### WHAT IS NEEDED:
When you write out the listing, keep every word as it stands and drop the pictures.

### STORED DATA:
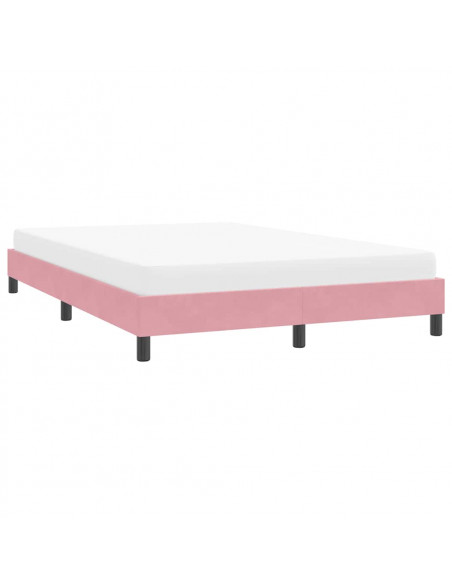 Giroletto senza Materasso Rosa 160x210 cm Velluto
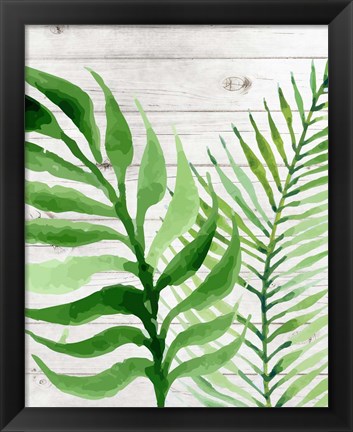 Framed Banana Leaf II Print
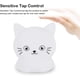 thumbnail image 3 of Luz nocturna para niños, luz LED recargable para bebés con silicona suave, diseño de animalito y RGB multicolor, compatible con control remoto y táctil, regulable (gato), 3 of 5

### ANSWER TO THIS EXERCISE:
 Giroletto senza Materasso Rosa 160x210 cm Velluto
 Framed Banana Leaf II Print
 thumbnail image 3 of Luz nocturna para niños, luz LED recargable para bebés con silicona suave, diseño de animalito y RGB multicolor, compatible con control remoto y táctil, regulable (gato), 3 of 5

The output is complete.